### Exercise requirements
Output what the records say, word for word, with no images.

Dataset records:
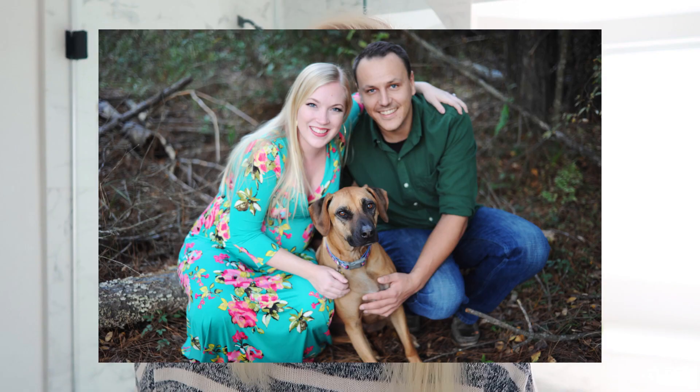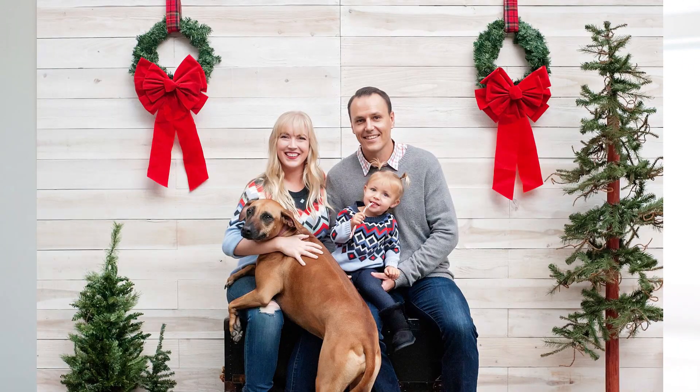Good morning everybody, welcome to day three of Vlogmas. In today's video I wanted to show you guys how we take our holiday pictures every year — we send out Christmas cards. Because I actually work as a photographer on the side, we take our own family photos. It's not necessarily easier but it works better with our schedule. Today I'm going to show you everything from how we plan our outfits to how I set up a room in my house for the photos, and then the photo shoot itself, and a little bit of how I edit the pictures.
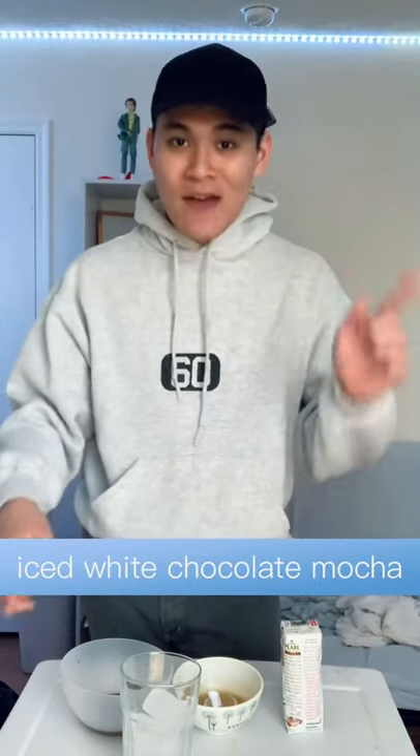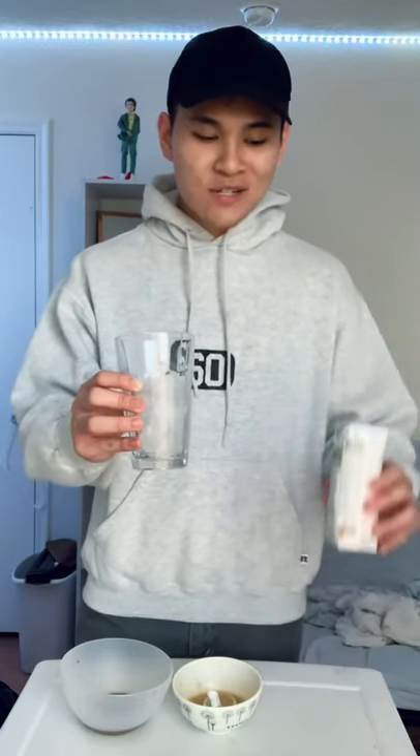One of my closest friends asked for an iced white chocolate mocha, and that is exactly what I'm making today. As always, when it's iced, we start with a glass full of ice. To that, you're going to add one cup of whatever type of milk you want. Today, I'm using soy.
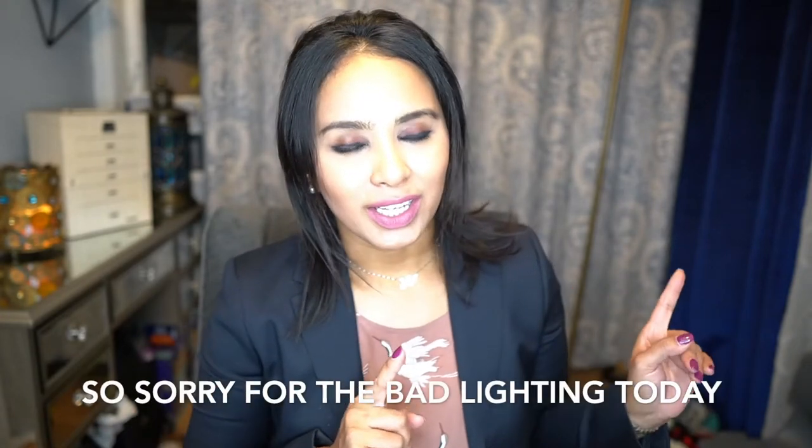Hi guys, welcome back to my channel. Thank you so much for joining me again. Today I am here with another unboxing video, as you can see, and this is an unboxing of a purse.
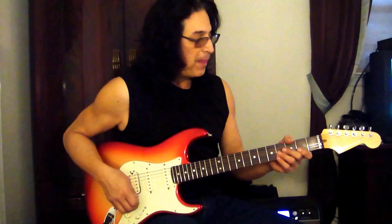Hi, I'm Eddie Ojeda, lead guitarist for Twisted Sister and solo artist as well. I'm here to talk about the Tronicle Tuner. I just put one on my Strats and this thing is great, I gotta say.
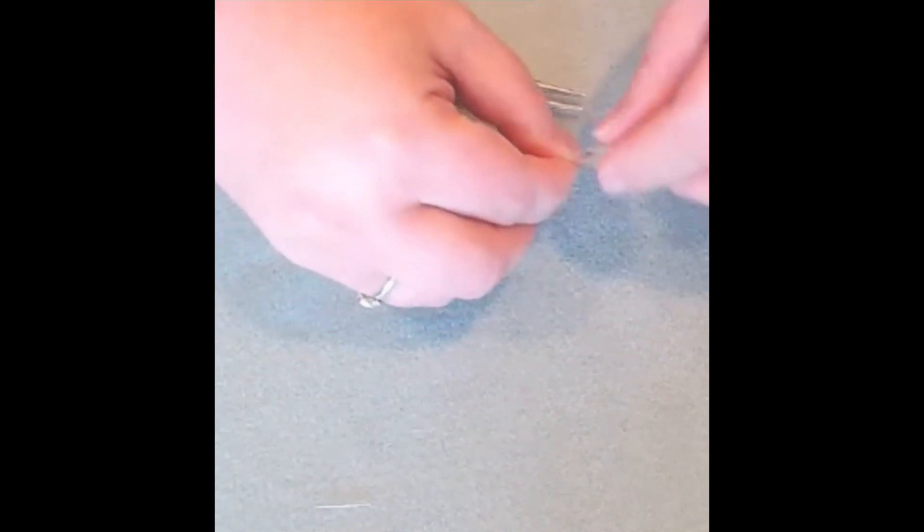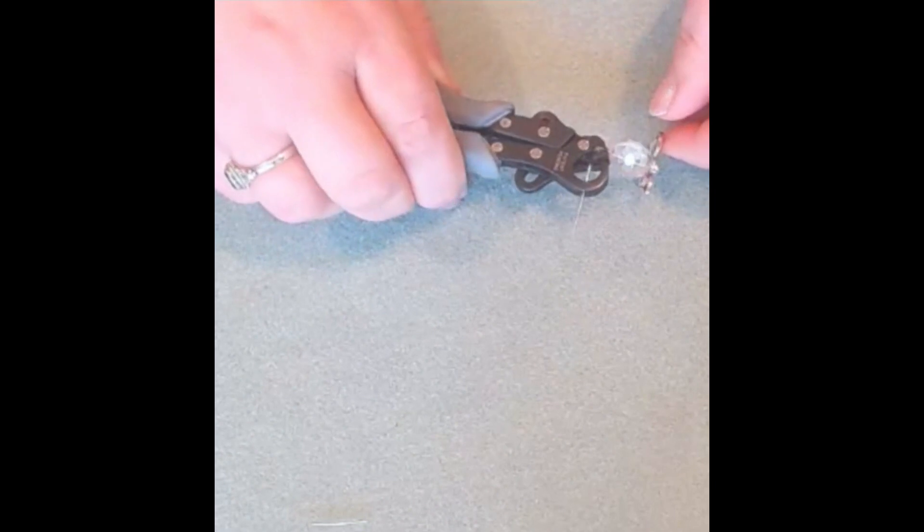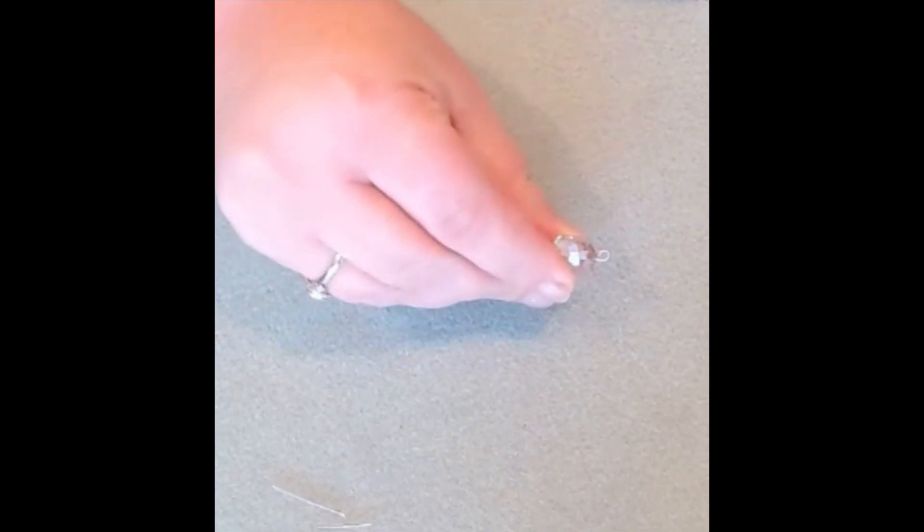We're gonna slide on our glass bead, have our one step looper, going to give it a squeeze. Make sure it is closed — make sure our loop is closed.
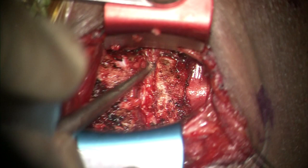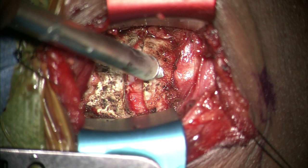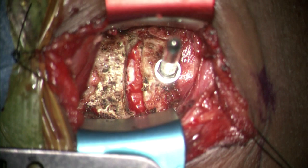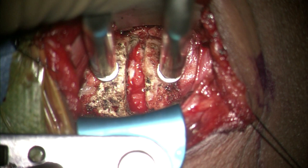Disc material is scraped off using a curette until the uncovertebral joints are clearly visualized. Using the midline and the orientation of the endplates as reference points, Casper distractor pins are placed and the disc space is gently distracted. The remaining disc material and the posterior annulus are removed, helping to identify the vertical fibers of the posterior longitudinal ligament.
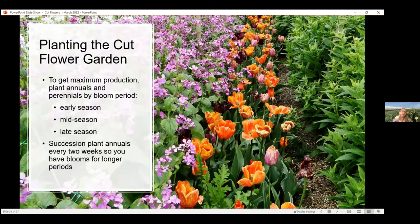To get maximum production, plant annuals and perennials by their bloom period. We have early season bloomers like tulips, mid-season bloomers like snapdragons and zinnias, and late season bloomers like sunflowers. Plant lots of different types so you always have something to harvest. With single-stem sunflowers especially, once you cut them you're pretty much done with that plant — so plant those in groups for succession planting, staggering 10 or 12 sunflowers every two weeks. That gives you a staggered bloom effect so you don't end up with 100 sunflowers all at one time.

### Task answer
Good morning everybody, welcome to day three of Vlogmas. In today's video I wanted to show you guys how we take our holiday pictures every year — we send out Christmas cards. Because I actually work as a photographer on the side, we take our own family photos. It's not necessarily easier but it works better with our schedule. Today I'm going to show you everything from how we plan our outfits to how I set up a room in my house for the photos, and then the photo shoot itself, and a little bit of how I edit the pictures.
One of my closest friends asked for an iced white chocolate mocha, and that is exactly what I'm making today. As always, when it's iced, we start with a glass full of ice. To that, you're going to add one cup of whatever type of milk you want. Today, I'm using soy.
Hi guys, welcome back to my channel. Thank you so much for joining me again. Today I am here with another unboxing video, as you can see, and this is an unboxing of a purse.
Hi, I'm Eddie Ojeda, lead guitarist for Twisted Sister and solo artist as well. I'm here to talk about the Tronicle Tuner. I just put one on my Strats and this thing is great, I gotta say.
We're gonna slide on our glass bead, have our one step looper, going to give it a squeeze. Make sure it is closed — make sure our loop is closed.
Disc material is scraped off using a curette until the uncovertebral joints are clearly visualized. Using the midline and the orientation of the endplates as reference points, Casper distractor pins are placed and the disc space is gently distracted. The remaining disc material and the posterior annulus are removed, helping to identify the vertical fibers of the posterior longitudinal ligament.
To get maximum production, plant annuals and perennials by their bloom period. We have early season bloomers like tulips, mid-season bloomers like snapdragons and zinnias, and late season bloomers like sunflowers. Plant lots of different types so you always have something to harvest. With single-stem sunflowers especially, once you cut them you're pretty much done with that plant — so plant those in groups for succession planting, staggering 10 or 12 sunflowers every two weeks. That gives you a staggered bloom effect so you don't end up with 100 sunflowers all at one time.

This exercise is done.